Von Holger Buchwald
Heidelberg. Bei Michael Eckert steht das Telefon nicht mehr still. Seit Tagen wird der 63-jährige Vorsitzende des Heidelberger Anwaltsvereins und Fachanwalt für Arbeitsrecht mit Anfragen aus allen Branchen, besonders aus dem Heidelberger Gastgewerbe und Einzelhandel, bombardiert. Viele Selbstständige fürchten in den Zeiten der Corona-Krise um ihre Existenz. Eckert erklärt, worauf es jetzt ankommt.
Herr Eckert, welche Rechtsfragen brennen ihren Mandanten besonders unter den Nägeln?
Viele Gastronomen und Einzelhändler mussten ihre Betriebe schließen.

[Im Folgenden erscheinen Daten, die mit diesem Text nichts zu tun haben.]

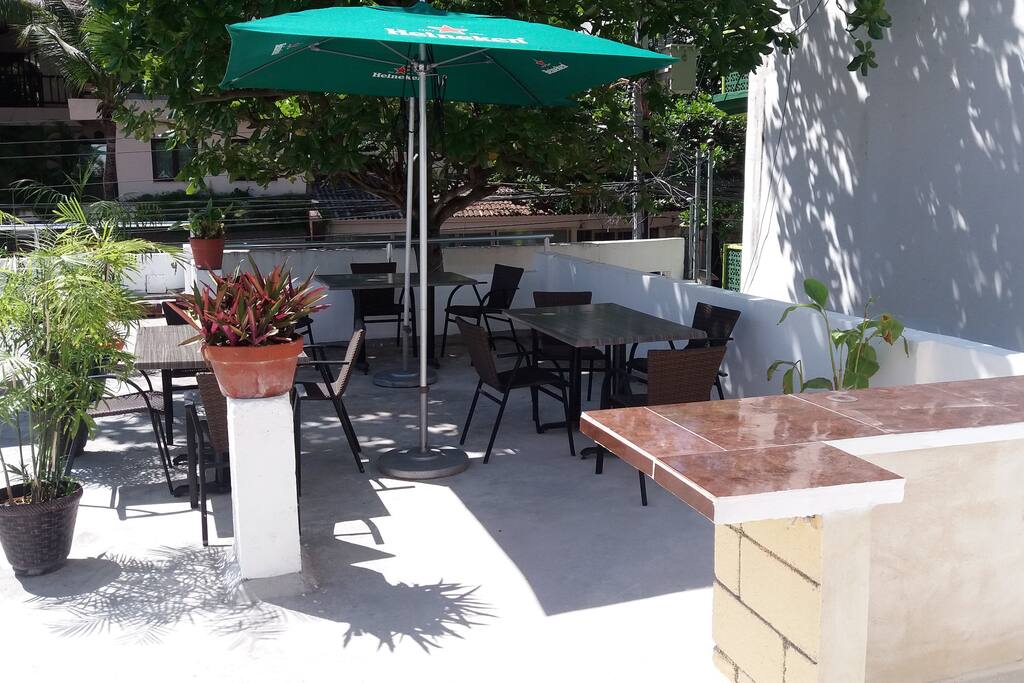 Outside area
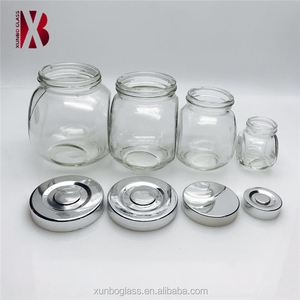 50 ml 180 ml 380 ml 480 ml <span class=keywords><strong>tambour</strong></span> plat en verre épices bouteille pot de miel - Product Image 3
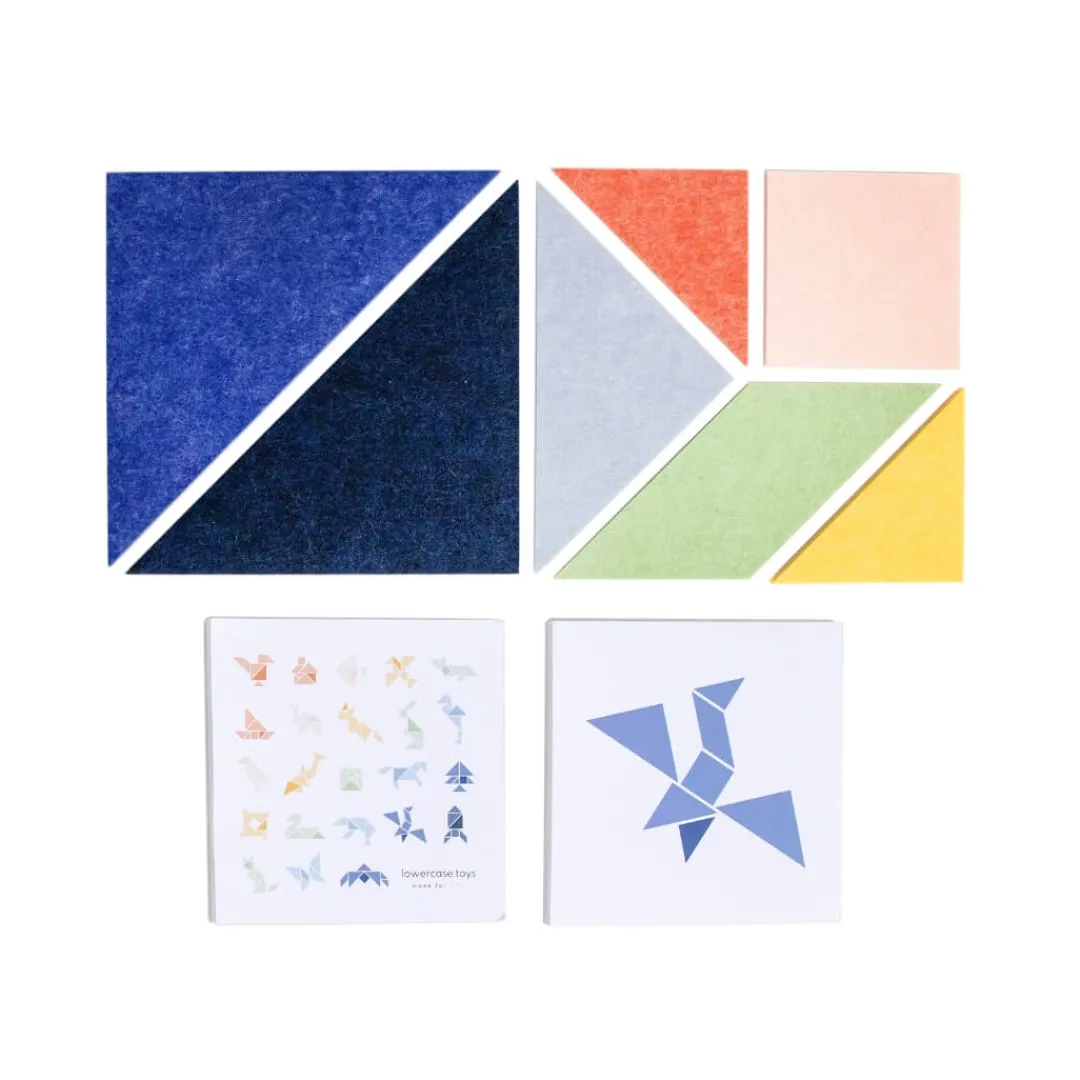 Lowercase Toys Puzzles|4 Years < Felt Tangram Block Set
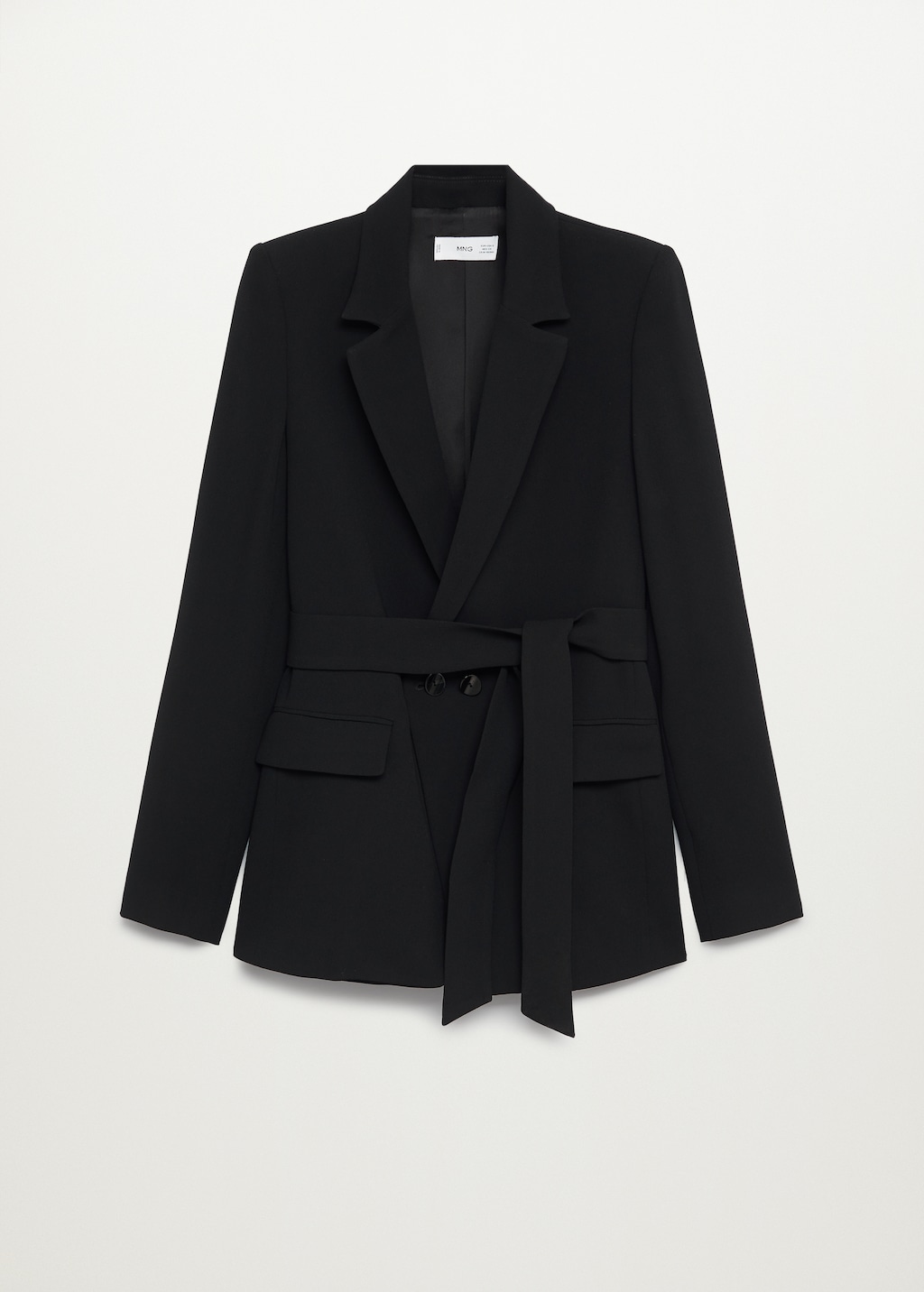 Crepe suit jacket with belt - Article without model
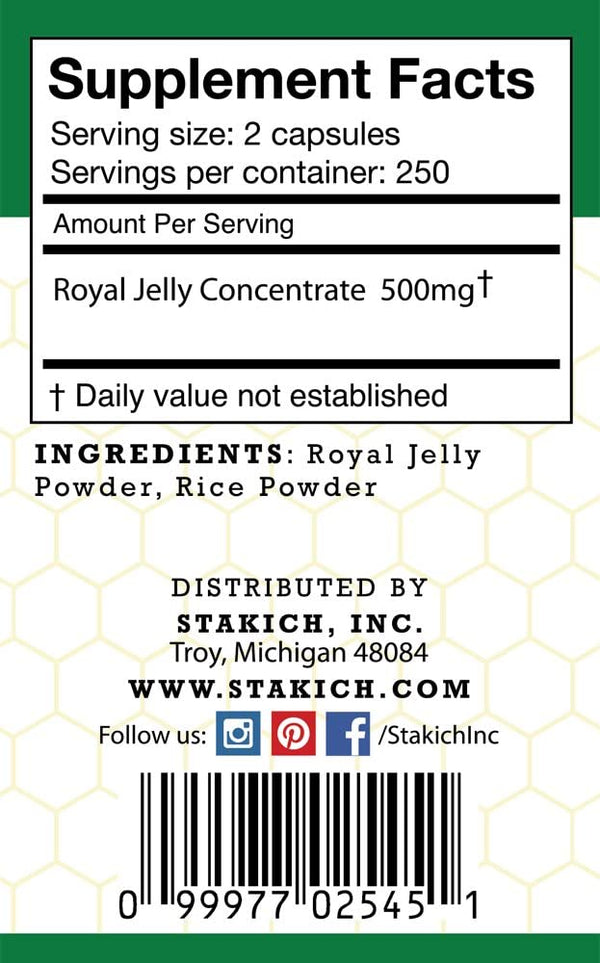 Holland & Barrett High Strength Royal Jelly 500mg 90 Capsules – Holland - View #7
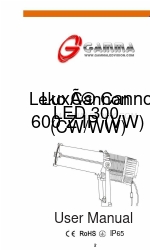 Gamma Luxe Cannon 600 Z IP Manual del usuario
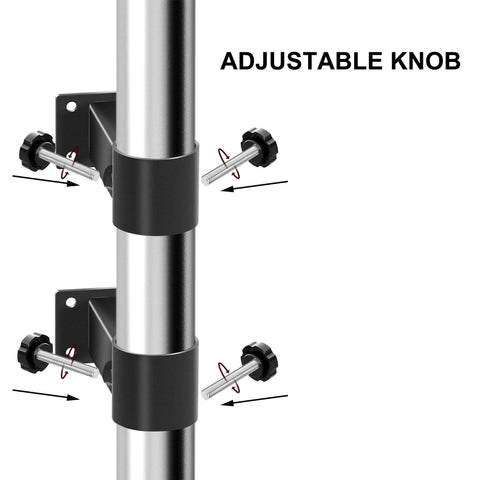MY RUSTIC top clamp for railing provides secure umbrella support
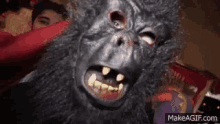 Gorilla Mask GIF - Gorilla Mask GIFs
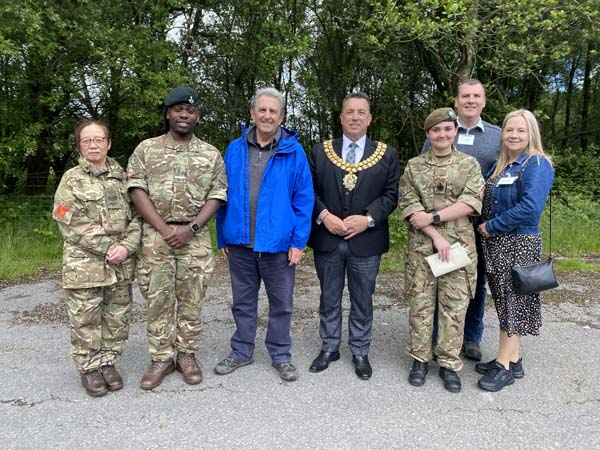 Greater Manchester Army Cadet Force visit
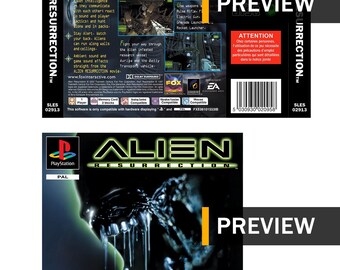 Alien Resurrection – PS1 PlayStation Ersatzcover/Einlagen – PAL-Region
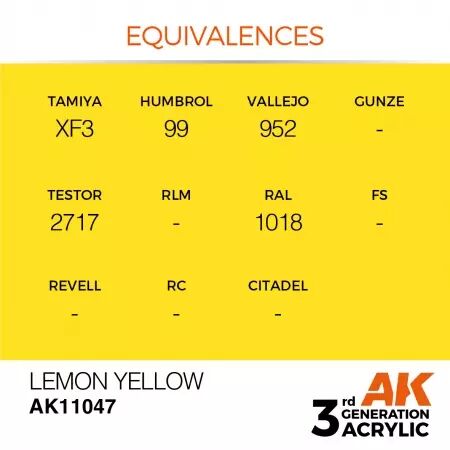 AK Interactive - 3rd Gen - Lemon Yellow 17ml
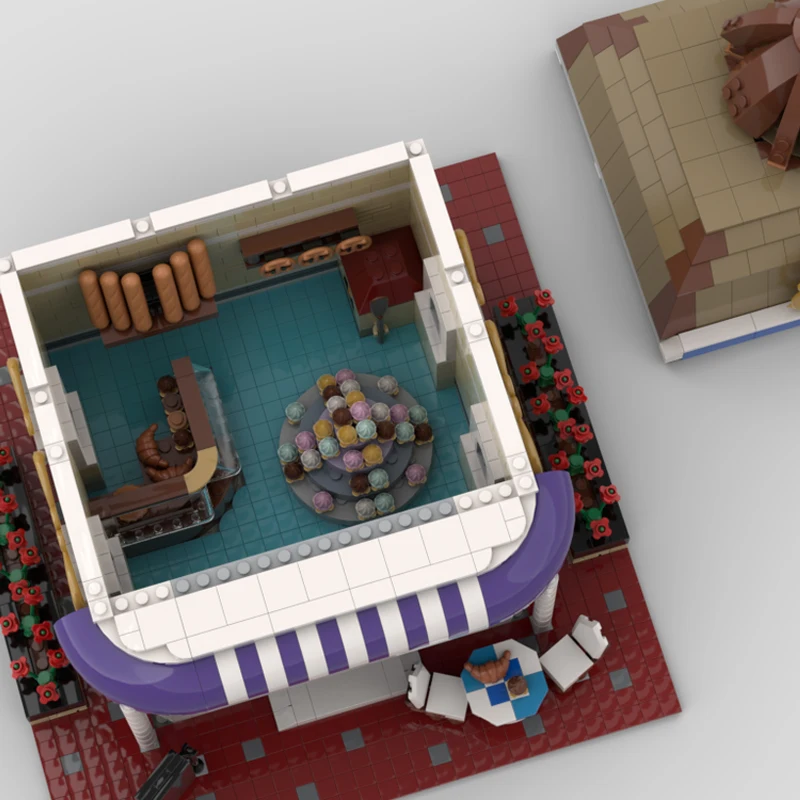 2114 Piezas de Ladrillos de Construcción, Tienda de Panadería Modular MOC, Bloques de Construcción Modulares Personalizables, Ladrillos Tecnológicos para Niños, Juguete de Construcción DIY, Regalo Festivo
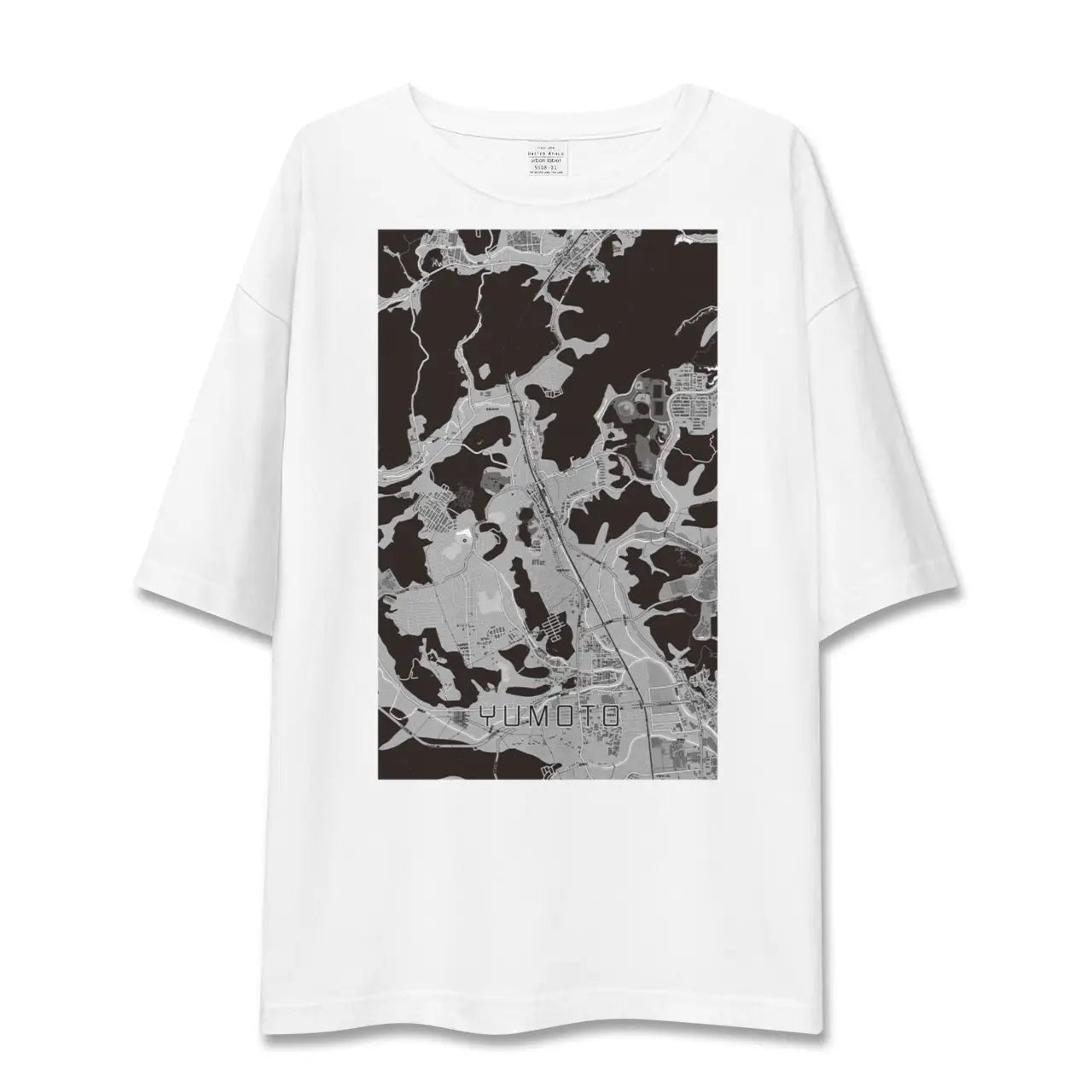 【湯本(福島県)】地図柄ビッグシルエットTシャツ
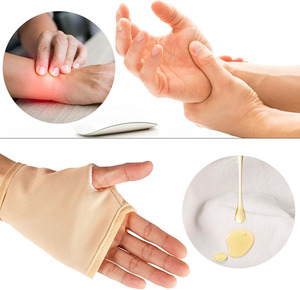 แผ่นประคบน้ำมันละหุ่งแบบใช้ซ้ำได้สำหรับมือและข้อมือ พร้อมสายรัดปรับได้ ป้องกันการรั่วซึม บรรเทาอาการอักเสบในอุโมงค์ข้อมือ - Product Image 1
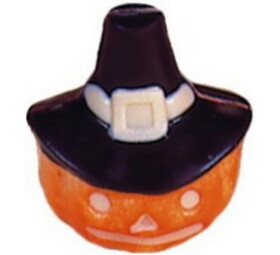 Chocolate World H932 Chocolate mould pumpkin with witch hat 85 mm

Sie sorgen sich jetzt, wie lange sie das finanziell durchhalten können. Schließlich müssen sie ja ihre Miete, ihre Pacht und ihre Nebenkosten weiterbezahlen. Und sie fragen sich natürlich ganz besonders, was sie mit ihren Mitarbeitern machen sollen, jetzt, wo keine Kundschaft mehr da ist. Denn die Angestellten haben ja bestehende Verträge.
Müssen die Mitarbeiter auch weiter bezahlt werden? Muss der Chef für sie Arbeit suchen?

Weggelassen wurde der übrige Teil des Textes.